What're your thoughts about her words ?
View attachment 156748


PS : what a jaw from the other one !!!


----------



## Blackout.xl (Nov 5, 2019)

France is a giant shithole.


----------



## nastynas (Nov 5, 2019)

le's me


----------



## prgfromnl (Nov 5, 2019)

holy shit


----------



## Deleted member 2634 (Nov 5, 2019)

Eww


----------



## RandomGuy (Nov 5, 2019)

NCT said:


> Eww
> View attachment 156819


She's so cute


----------



## Deleted member 2634 (Nov 5, 2019)

RandomGuy said:


> She's so cute


Yeah,cute like pepe the frog


----------



## Deleted member 1774 (Nov 5, 2019)

she is right though, most of them were too busy being cool and getting fucked in the bathroom stall instead of studying


----------



## Tiddlywink (Nov 5, 2019)

Wtf? A woman advocating for taking personal responsibility of your life and actions? Is such a thing even possible?


----------



## reptiles (Nov 5, 2019)

RandomGuy said:


> She's so cute






Man your so correct she's so cute i could strangle her to fucking death


----------



## Deleted member 275 (Nov 5, 2019)

Completely agree with her. Poor asf and you get 2 children and then expect betabux-billy to pay for your shitty life choices with his taxes.

Flush yourself poor pleb woman.


----------



## RandomGuy (Nov 5, 2019)

Tiddlywink said:


> Wtf? A woman advocating for taking personal responsibility of your life and actions? Is such a thing even possible?


When your family is too poor to let you following studies, you don't go to university, and you stay poor, as will be your children. It's a vicious cycle who's hard to break up


reptiles said:


> Man your so correct she's so cute i could strangle her to fucking death


hmm well


----------



## Deleted member 275 (Nov 5, 2019)

RandomGuy said:


> When your family is too poor to let you following studies, you don't go to university, and you stay poor, as will be your children. It's a vicious cycle who's hard to break up


That's life. Still no reason to force beta-bux billy, under threat of violent imprisonment by the police, to pay more taxes to get you out of poverty.


----------



## Tiddlywink (Nov 5, 2019)

RandomGuy said:


> When your family is too poor to let you following studies, you don't go to university, and you stay poor, as will be your children. It's a vicious cycle who's hard to break up


>you don't go to university
>you stay poor
Lmfao.

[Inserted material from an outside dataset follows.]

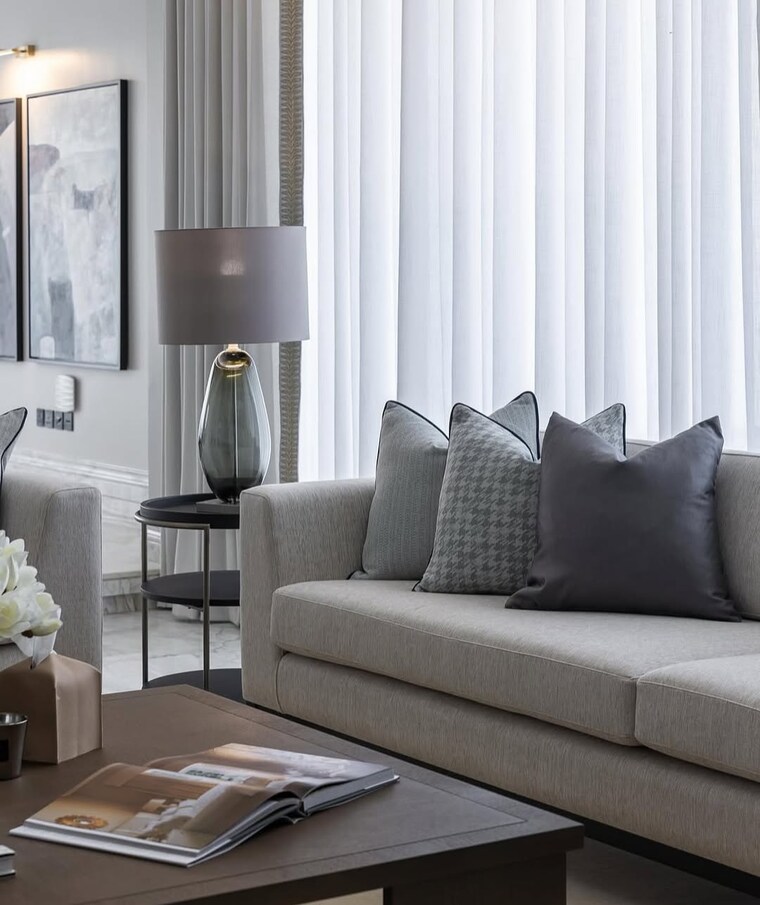 Living Room, ravetkar-astrea 5 Bedroom 2205 Sq.Ft. Apartment In Aundh Pune 8597064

Yeah, let me make the smart decision to go into debt in order to learn information I could get for the price of an internet connection.


----------



## wellthatsucks (Nov 5, 2019)

I should learn French tbh


----------



## BigBiceps (Nov 5, 2019)

RandomGuy said:


> When your family is too poor to let you following studies, you don't go to university, and you stay poor, as will be your children. It's a vicious cycle who's hard to break up


It's france. You can study as much as you want FOR FREE.


----------



## RandomGuy (Nov 5, 2019)

Syobevoli said:


> That's life. Still no reason to force beta-bux billy, under threat of violent imprisonment by the police, to pay more taxes to get you out of poverty.


I can understand that's life, problem is that you can't make rich even richer, while letting poor people struggling with more and more taxes. Cause that's what happens in France


----------



## Deleted member 275 (Nov 5, 2019)

wellthatsucks said:


> I should learn French tbh


*Voulez vous coucher avec moi ce soir?!*


----------



## RandomGuy (Nov 5, 2019)

BigBiceps said:


> It's france. You can study as much as you want FOR FREE.


Yes, but that's not what happens in many poor families
After high school, people work in order to financiary help their parents. And they're sometimes forced

Btw it's not free, we're paying that with taxes


----------



## wellthatsucks (Nov 5, 2019)

Syobevoli said:


> *Voulez vous coucher avec moi ce soir?!*


Oui mais je connais tres peu francais 

duolingo temps


----------



## Deleted member 1774 (Nov 5, 2019)

RandomGuy said:


> Yes, but that's not what happens in many poor families
> After high school, people work in order to financiary help their parents. And theey're sometimes forced
> 
> Btw it's not free, we're paying that with taxes


That's the fcking problem that triggers me nowadays, parents so egoistic that they don't want to understand what the best for their children is.
Been there, felt that.


----------



## BigBiceps (Nov 5, 2019)

RandomGuy said:


> Yes, but that's not what happens in many poor families
> After high school, people work in order to financiary help their parents. And theey're sometimes forced


I've never heard of so stupid and selfish parents in Europe. There's no need to financially support 2 working people, we have good mininum salaries. Besides, you can financially help your parents when you're a lawyer or a doctor.


----------



## Deleted member 3701 (Nov 5, 2019)

c'est vrai c'est la merde


----------



## wellthatsucks (Nov 5, 2019)

Minimum wage is 10.03 eur per hr


----------



## Blackout.xl (Nov 5, 2019)

A poor female in France gets coddled and receives tons of sympathy. The worst thing they hear is that they should work and stop complaining. 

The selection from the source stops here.